Every girl goes through it with at least one relationship in her life. She's got a guy that she's crazy about. She knows he's the one, she wants to spend every minute of her time with him but there's just one problem she just doesn't see. She might sense something about him, but she diregards it because he's just that into him. Even her friends are be can see it but she's clueless. What's his problem? He's a game player. She may not realize he's playing games but he is. He's mind f*cking her.
If you've ever watched an episode of The Hills that contained to two-headed beast that's composed of Heidi Montag and Spencer Pratt then you'll recognize some of these antics right off the bat. Pratt is the master of the find f*ck.
He acts aloof ALL the time. The guy treats the woman he's dating or even his girlfriend as if he's not interested. He tries to keep her on her toes so she doesn't get comfortable. He doesn't commit to any plans until the last minute, keeping her guessing about whether or not he's going to spend time with her.

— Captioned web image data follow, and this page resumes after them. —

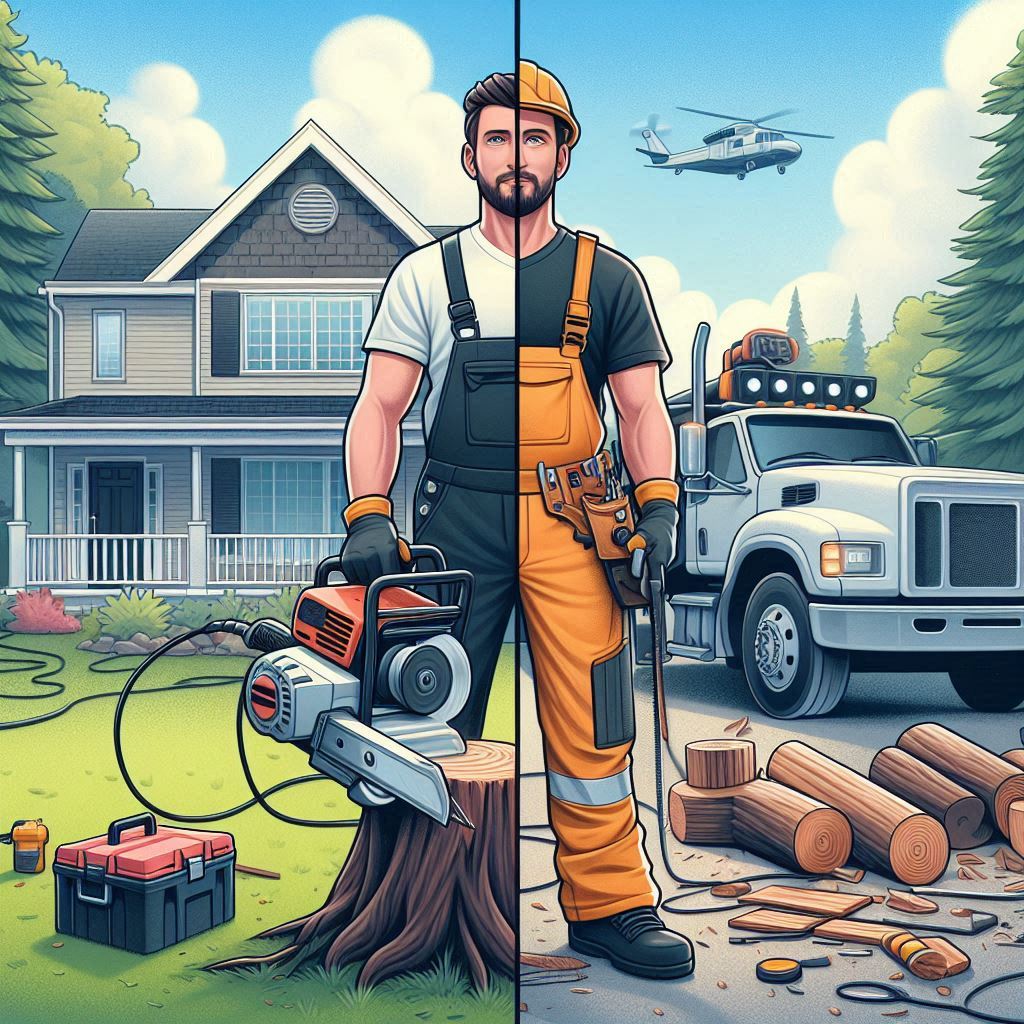 Split image showing a homeowner using a stump grinder and a professional with commercial equipment, helping homeowners decide whether to grind a tree stump themselves or hire a pro.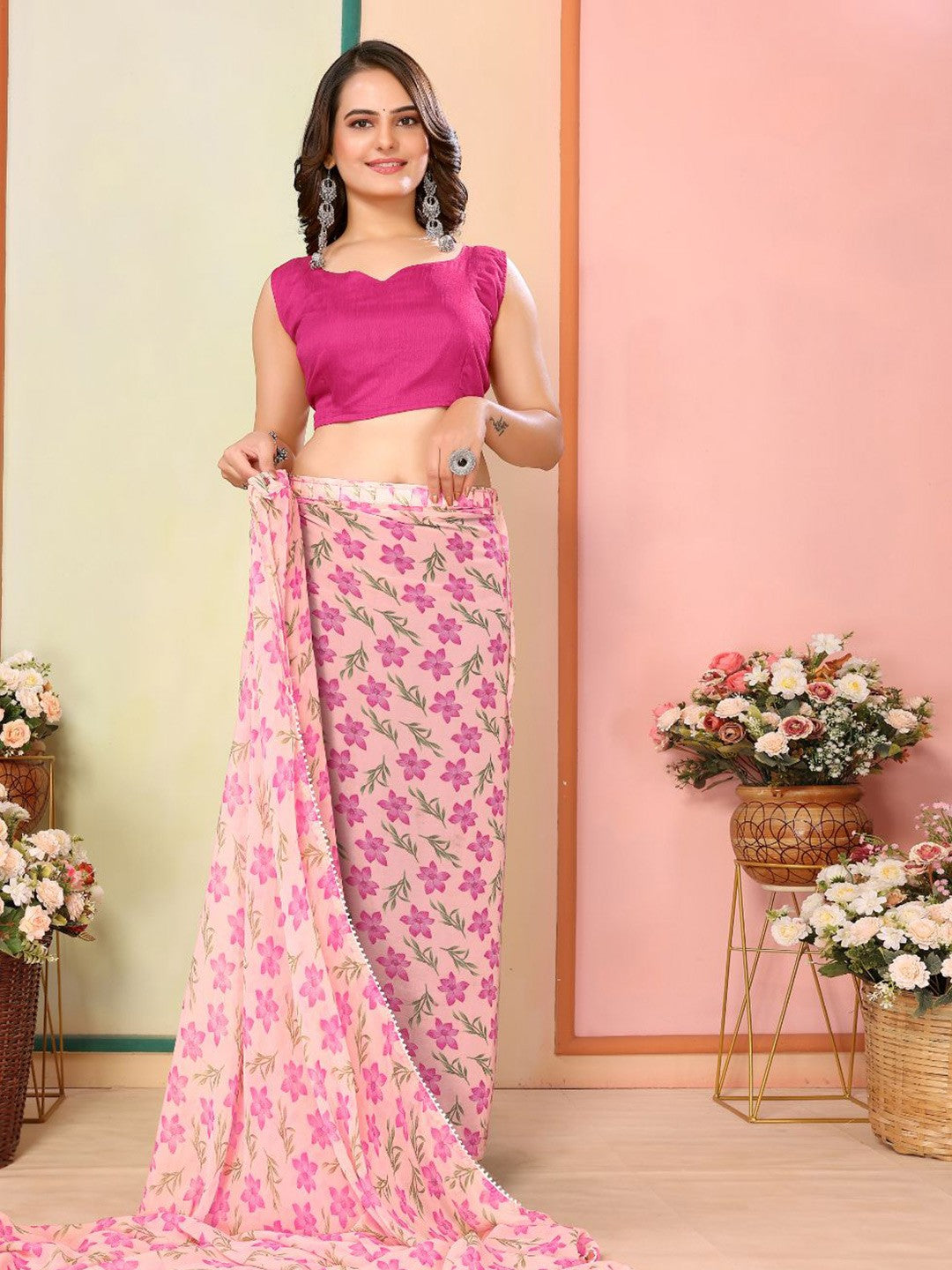 ready to wear saree — effortless floral elegance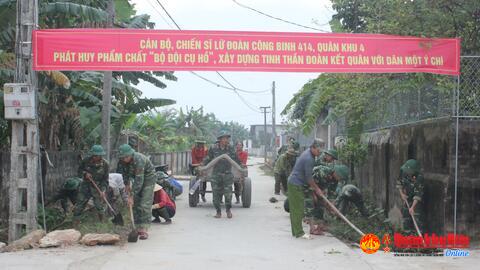 Lữ đoàn Công binh 414: Hành quân dã ngoại làm công tác dân vận tại huyện Nghi Lộc.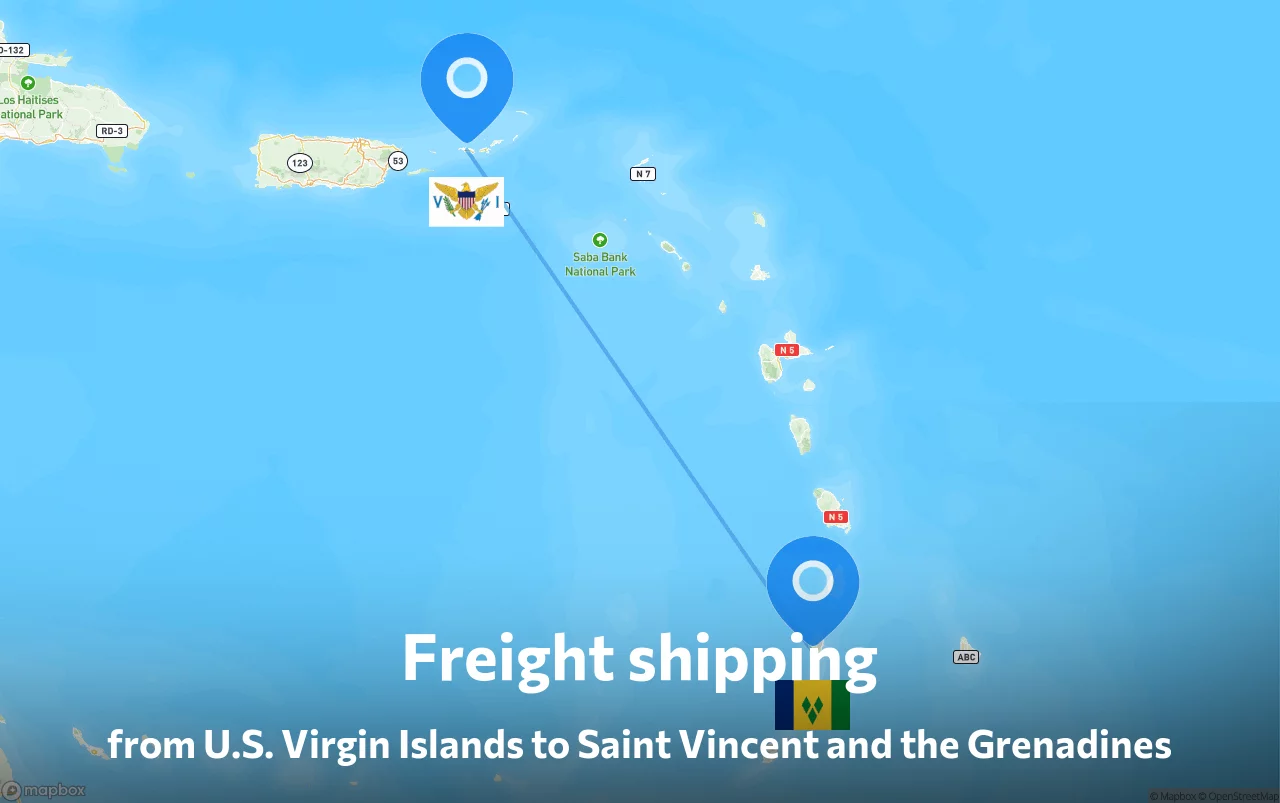 Shipping route from U.S. Virgin Islands to Saint Vincent and the Grenadines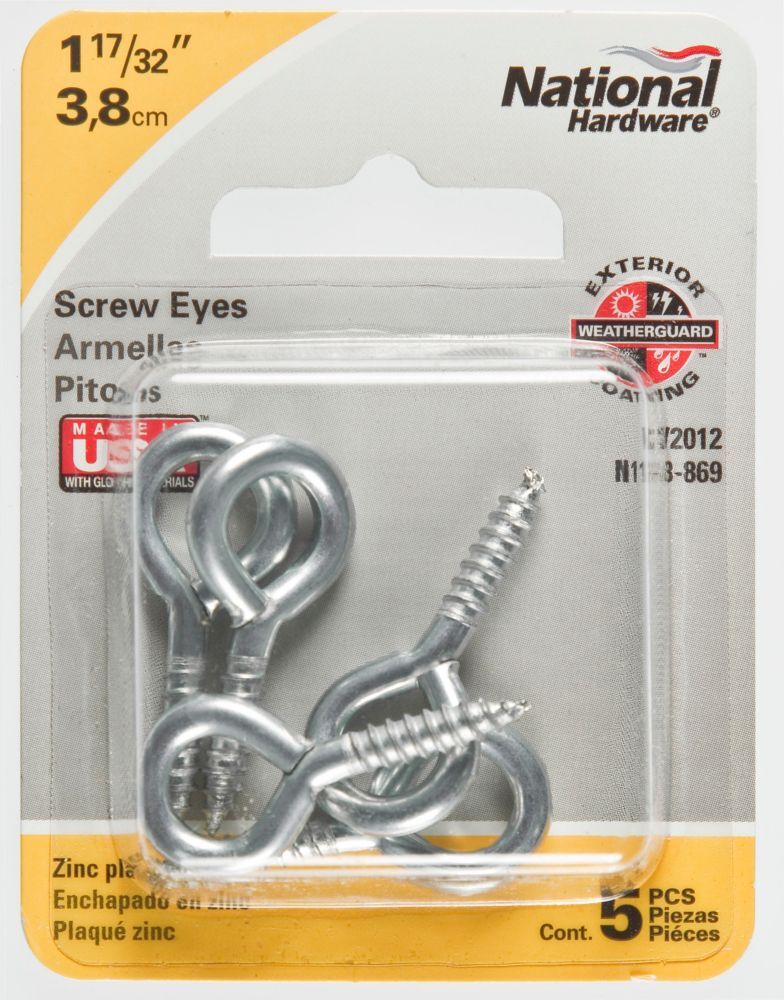 National Hardware Zinc Plated Screw Eye, #108, 1 17/32-In, 5-Pk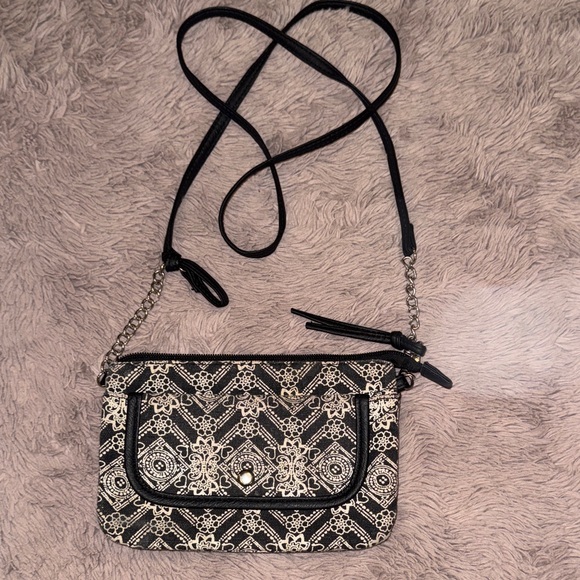 Handbags - Elegant Black and Cream Paisley Crossbody Purse Bag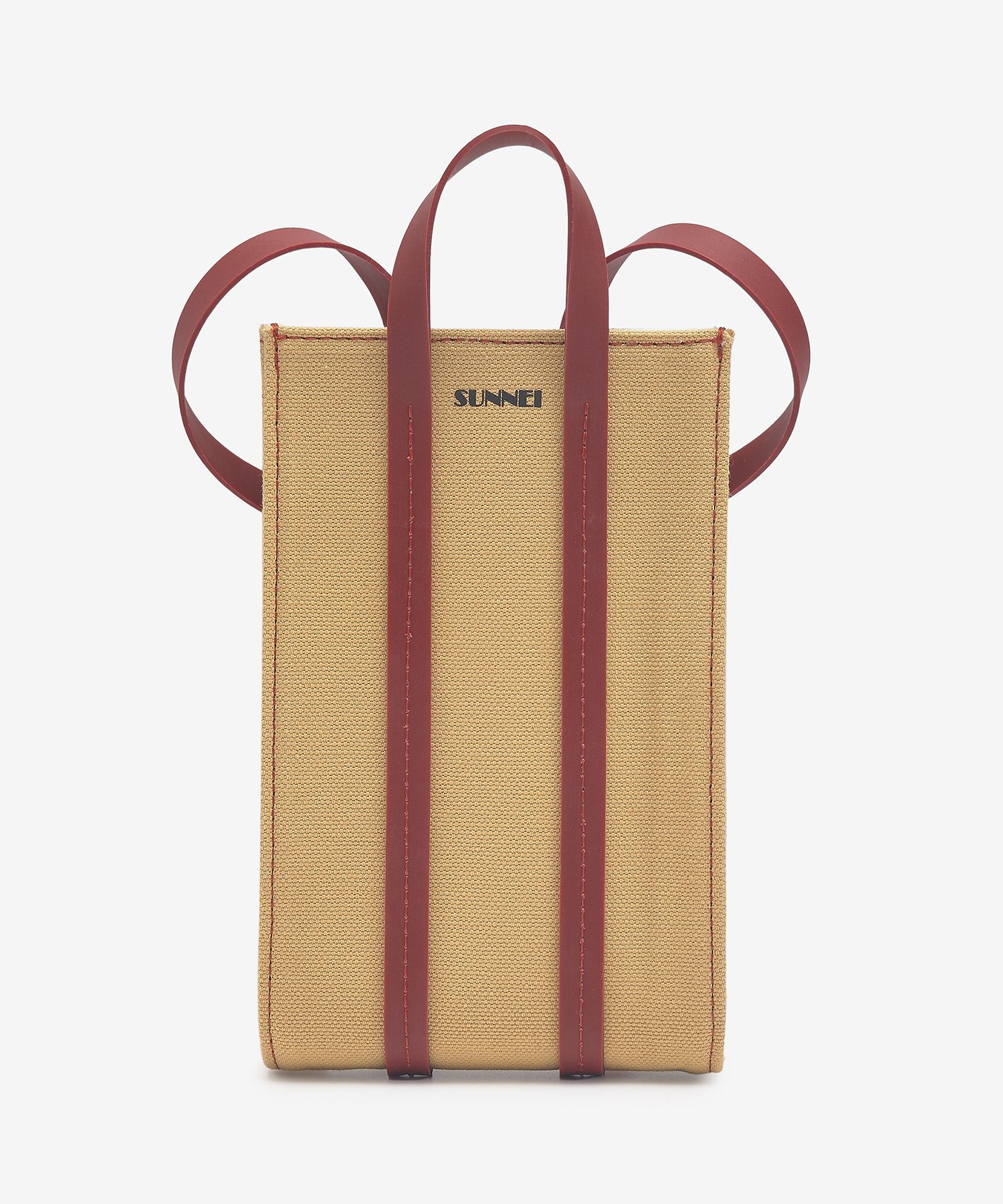 ★SUNNEI★ Micro Parallelepipedo Tote Bag Beige Red CACCXSLG MUSINSA | SUNNEI Micro Parallelepipedo Tote Bag - Beige:Red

The purpose: To make her insecure about the relationship. In his opinion, if she's comfortable then she might get bored and move on. He doesn't want to lose her but he doesn't know how to be in a healthy, functioning relationship so he acts like he doesn't care thinking that will make her want him more.
He sends her mixed signals. At a party or gathering of friends, he sweet talks her, telling her she's the most beautiful girl in the room and that he's so lucky to be with her, then he sidles up to some girl she's never seen before. He spends several minutes chatting up the new girl while glancing, goadingly at his girlfriend before returning to her side. His excuse he was just being friendly. She's left feeling perplexed while he continues about his business.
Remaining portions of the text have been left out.